E se falei de ritmo quero demorar-me mais sobre ele, como as personagens se demoram sobre o tempo que passam nas suas férias na Turquia. O atraente neste ritmo é que consegue afirmar-se como um ritmo do olhar e não da ação: é o olhar da realizadora sobre as personagens que demora o seu tempo, o que não significa que as suas férias, as suas interações sejam lentas. A realizadora consegue assim afirmar-se e ao mesmo tempo respeitar a história, as personagens. Ela tem o seu olhar, as personagens as suas vidas, cada qual com o seu ritmo e isso não tem nada de problemático. Este ritmo da realização, que não se confunde com o ritmo da vivência das personagens é um dos aspetos mais belos deste filme.

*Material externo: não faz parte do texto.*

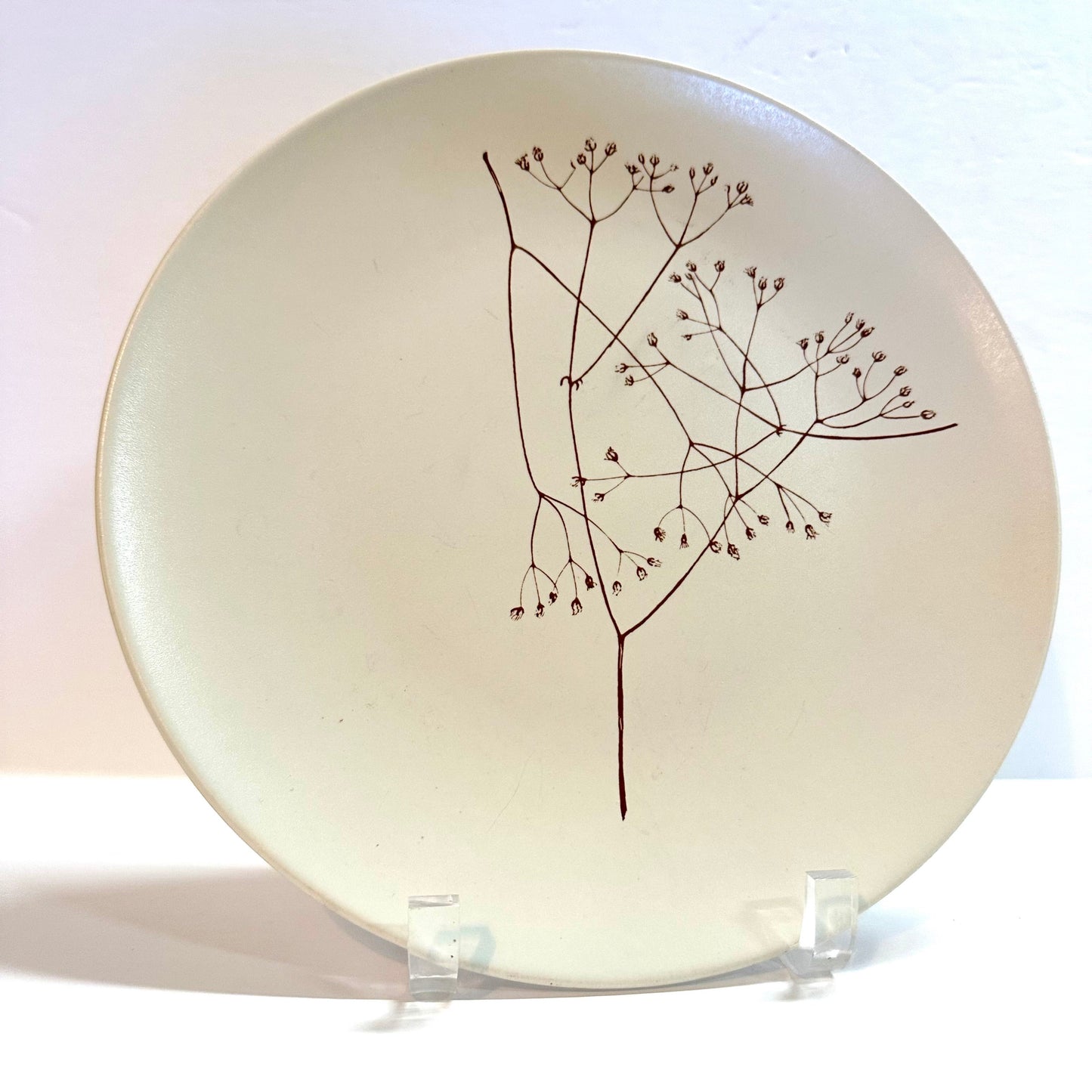 Ceramic plate with a black branch design on a white background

Mas, claro, há o argumento. E o argumento é arrasador. Arrasador porque assente na mais antiga das relações - a filiação - e na busca pelo seu sentido. Não um sentido geral e abstrato, filosófico. Mas um sentido existencial, o sentido daquela relação, com aquele pai, sendo - por isso - aquela filha. Não é fácil lidar emocionalmente com a partilha dessa busca, desse exame, seja qual for o seu desenlace. Mas é isso que Charlotte Wells partilha connosco e é isso que aceitamos quando entramos na sala de cinema. Aceitamos que um tapete nos possa fazer chorar. E arrasa-nos porque apresenta uma em infinitas hipóteses de relações entre um pai e uma filha, mas uma hipótese apenas basta para nos colocar naquele lugar. Ou porque somos pais ou porque somos filhas ou porque seremos, porque queremos. Ou porque sabemos.